### ASSIGNMENT
Do not include the pictures; repeat the rest of the data exactly.
***** DATASET SECTION
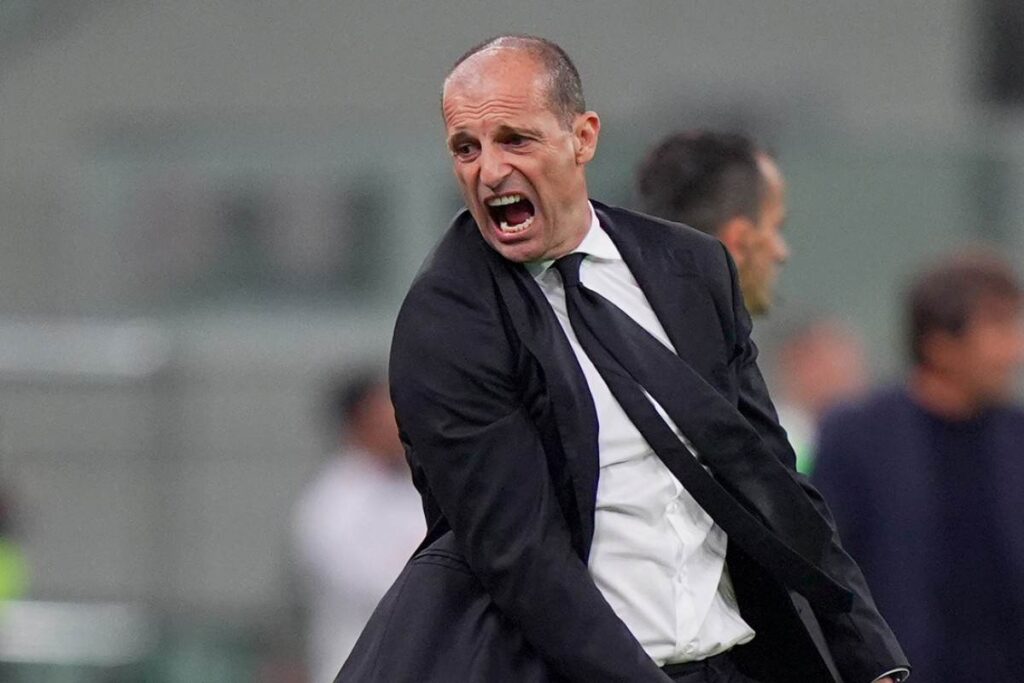 Max Allegri nervoso durante un match
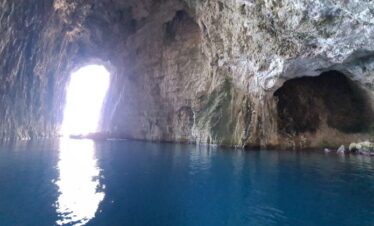 Haxhi Ali Cave Speedboat Trip from Vora - Boat Trip Albania - Boat Trip Vlore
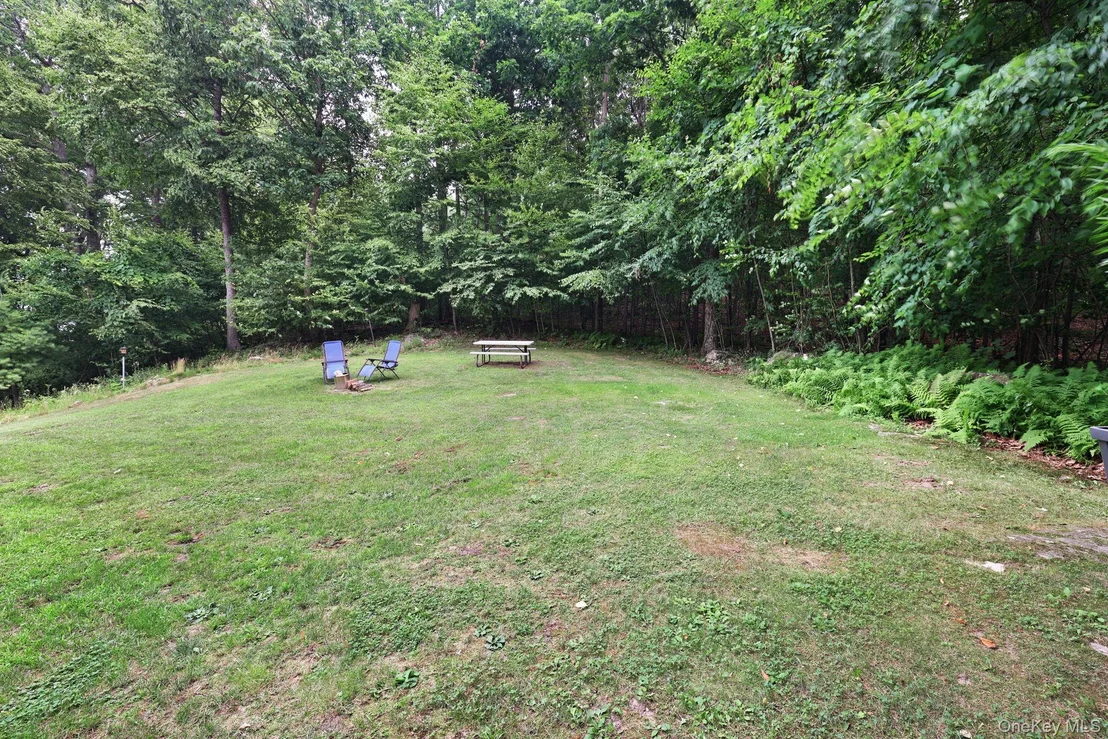 Photo of 320 White Bridge Road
**********
### EXERCISE SOLUTION
 Max Allegri nervoso durante un match
 Haxhi Ali Cave Speedboat Trip from Vora - Boat Trip Albania - Boat Trip Vlore
 Photo of 320 White Bridge Road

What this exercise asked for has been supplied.